AMC receives $10.2 million biodefense grant
Francisella tularensis, the tularemia bacterium, exists naturally in water and soil and can be transferred to humans through rodents. The non-airborne form of the bacteria is treatable with antibiotics. When the bacterium is made airborne, however, it can become a deadly bioterror weapon that has no vaccine.
Dennis Metzger, a professor at AMC and the lead investigator for the project, said that the facility's laboratories are making progress toward the development of a tularemia vaccine.
"We have successfully laid the scientific groundwork that will allow us to launch an interdisciplinary research effort to develop a vaccine that can effectively protect against respiratory tularemia," Metzger said. "We aren't just trying to find a vaccine, we're trying to understand the basis for the protection we're observing.
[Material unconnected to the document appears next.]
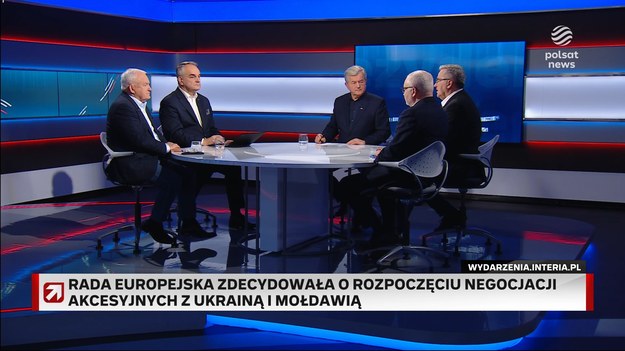 „To niewątpliwie jest wielki dzień dla Ukrainy. Wielki, ale niewystarczający z punktu widzenia faktu, że Ukraina toczy dramatyczną wojnę o niepodległość, także o prawo do dążenia aby stać się częścią zachodu. I tu trzeba liczyć na dalszy ciąg” - powiedział w programie „Prezydenci i premierzy” Bronisław Komorowski komentując decyzję Rady Europejskiej o rozpoczęciu negocjacji akcesyjnych z Mołdawią i Ukrainą. 

Sprawę negocjacji i niechęci okazywanej przez premiera Węgier, Viktora Orbana, wobec otwarcia drogi akcesyjnej dla Ukrainy skomentował Leszek Miller. „Przekupywanie Orbana nic nie da (…) to jest kolejne świadectwo, że kierownictwo Unii jest słabe i to jest zachęta dla innych naśladowców Orbana, którzy będą postępować w ten sam sposób” - powiedział były premier.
We're researching the science as well as the application."
Metzger's team is using killed bacteria in the vaccine that is treated in such a way that it targets the white blood cells of the mice. Most vaccines are given intramuscularly and protect the blood stream more than the lungs. The vaccine created by Metzger's team is administered intranasally so that it more effectively targets the lungs, which is key for a respiratory disease like airborne tularemia.
Respiratory tularemia is considered a Category A bio-threat by the National Institute of Allergy and Infectious Diseases because only 10-to-15 organisms can be fatal in humans and it can be easily disseminated as an aerosol. Metzger said that his team's research determined that even one F. tularensis bacterium can kill a mouse.
"We've done work in animal models and the goal of the next funding period is to refine the methods to make them optimally protective in animals," Metzger said. "Once that occurs, we would hope to go into non-human primates and ultimately get licensing for human use. We hope to move into human trials in the next four or five years."
Metzger said that his team's vaccine approach could potentially be used against multiple Category A bio-threats.
Since 2002, AMC has won $17.6 million in grants, largely from the NIH. Researchers are engaged in projects related to finding vaccines and searching for treatments.
"We have achieved important milestones in this area, including development of a potential broad spectrum, intra-nasal treatment for pulmonary tularemia," Vincent Verdile, the dean of AMC, said. "In addition, Albany Med has taken a leadership position in the field by organizing an annual tularemia conference attended by experts in tularemia from around the world and supported by NIH funding."